Since Elance was converted into Upwork, I have been increasingly uncertain whether I can rely on Upwork to build our virtual business. Here are some comments from freelancers I have worked with on your platform:

  • “Upwork is a bit unpolished at the moment and seems too complicated”
  • “Upwork’s fees on new projects are ridiculous!”
  • “Upwork is deactivating freelancer accounts without talking to us.”

The experience from my point of view has been similar.

My first item of feedback to Upwork was, “Elance was an engineer with its sleeves rolled up. Upwork is a basset hound wearing a tie.” The site is all gloss and no guts.

Over the last 18 months, I have received 50 notification emails about idle contracts, all of which are long-term contracts that I wished to remain open. I have no ability to set a preference custom to my business. My freelancers work monthly, and every month their contracts fall idle. They are unable to log their time until I reactivate the contract.

When I log in, Upwork’s loading screen says something like, “It takes a client on average three days to hire via Upwork.” That does not describe my business. We hire slowly, for the long term. I cannot conceive of how we could make a hiring decision in so short a time. I have no ability to set a preference custom to my business.

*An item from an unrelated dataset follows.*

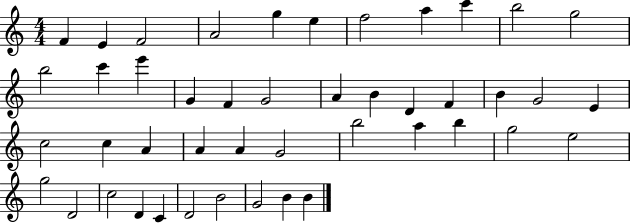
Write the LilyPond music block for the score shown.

A job posting which I specifically flagged as not to be indexed by google somehow resulted in a dozen out-of-Upwork communications, including one which was so base I reported it to the Attorney General of the State of New York. Clearly this person was not your responsibility, but the posting itself must have been seen and identified through some error.

And now, after a month’s calendar time of discussion on this one ticket:

— None of the freelancers who applied are being compensated for having to read our invite and re-submit a fresh proposal.

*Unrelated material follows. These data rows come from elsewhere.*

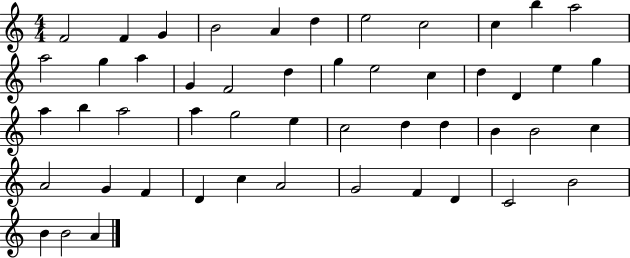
X:1
T:Untitled
M:4/4
L:1/4
K:C
F2 F G B2 A d e2 c2 c b a2 a2 g a G F2 d g e2 c d D e g a b a2 a g2 e c2 d d B B2 c A2 G F D c A2 G2 F D C2 B2 B B2 A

— Our reputation remains less than what it should be because of a unilateral decision by Upwork.

— Upwork remains presented as a finished product, for which there is no roadmap for improvement, no development, and certainly no interest in adapting to any customer’s needs.

You wrote, “I cannot imagine this would harm your ability to hire.” Well I cannot imagine why I _would_ hire on Upwork unless this issue is addressed. It is the final nuisance in a regrettably long list.

Where we might be business partners, growing MassLandlords together, I cannot help but feel expendable.

See what you can do with this. I will wait for the engineers.

Thank you for the time and effort.



I was hoping they would talk on their side and make an accommodation.

Here is what Upwork Said 30 Days Later

“I haven’t heard back from you in a few days, so I wanted to follow up to see how you’re doing with this issue. In the meantime, I’m going to mark this ticket as solved, but feel free to respond anytime if you need additional help, and this will re-open your ticket.”

Typical canned reply crap.

Alternatives to Upwork

Upwork may be huge, but fortunately, they don’t have the monopoly on finding talent. We’ve been very successful hiring remotely with craigslist, Harvest, and QuickBooks online to handle everything we valued in Upwork. Our hiring process runs the way we want it to. No one is deactivating our ability to contact our applicants.

Would I prefer to hire on Upwork again? Sure, because the truth is microhires are still harder on craigslist. But if the attitude Upwork has is “everyone should hire like we want to,” I think I’ll do my own thing. MassLandlords may have been temporarily hobbled by this issue, but it was only temporary. That developer we wanted to hire? We found them another way. It just took a little longer than we expected.